MB – Como foi aquela história de você quase correr no exterior?
GF – Como você sabe, o marketing era limitado naquela época, mas realmente pensei em correr no exterior, no rastro de minha condição de mulher piloto e profissional. Ainda na fase dos protótipos, a Lola veio ao Brasil com uma mulher também pilotando. Aí me viram andar e convidaram para que eu seguisse com eles. Mas eu havia conhecido o Carlos Alberto, decidimos casar e eu troquei uma chance na Europa por uma aliança. Acho que foi bom negócio porque estamos juntos há 34 anos.
MB – Mas, pelo que sei, mesmo fora das pistas não parou com a velocidade.
GF – Verdade. Parei com as competições, mas nunca com a velocidade. Minha Kawazaki Ninja pode chegar a 300 km/h e já fui muito próxima disso. Tenho brevê também (NR: Graziela tem o brevê mais graduado que pode ser concedido na aviação, o PLA, para piloto de linha aérea).
MB – Fale-nos, por favor, dos pilotos da época. Quem mais lhe impressionou?
GF - Bird, Luizinho Pereira Bueno, Wilsinho Fittipaldi, todos têm grandes histórias, sempre os idolatrei, mas quando você disputa uma posição, não interessa quem é, tem de ser dura e não olhar nem para o capacete do carro que te ameaça.
MB – Tem gente que se diz cansada da Fórmula 1. Você é uma delas?

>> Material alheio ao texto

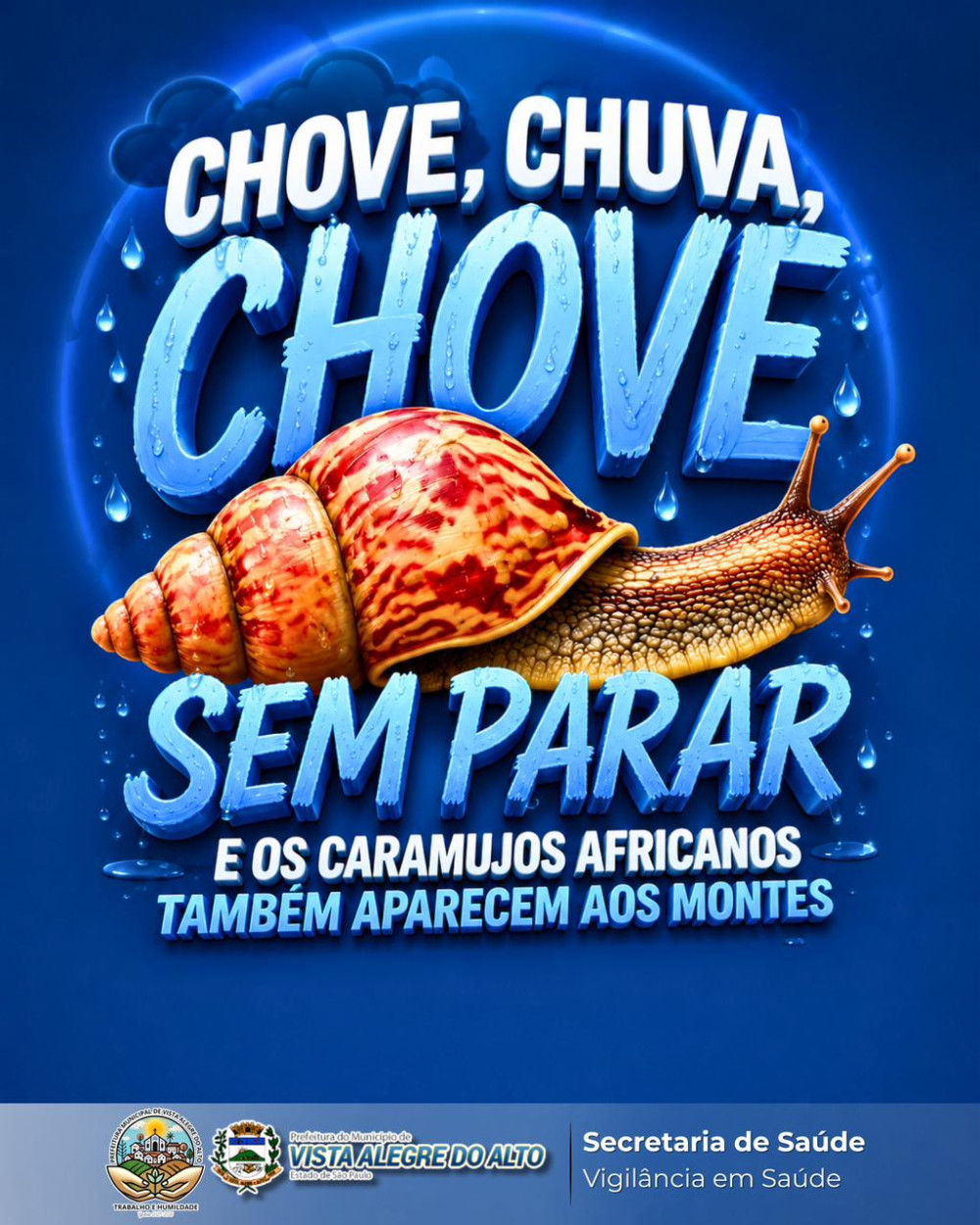 Chove, chuva, chove sem parar… e os caramujos africanos também aparecem com mais frequência.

GF - Claro que como brasileira estou sempre grudada na tevê quando tem Fórmula 1. É o máximo, o topo do esporte que amo, mas anda muito, digamos, pasteurizada. Muito regulamento mudando, muita discussão e isto acaba comprometendo o espetáculo. Mas continuo apaixonada. Em 2008, quem sabe a gente ganha outro mundial?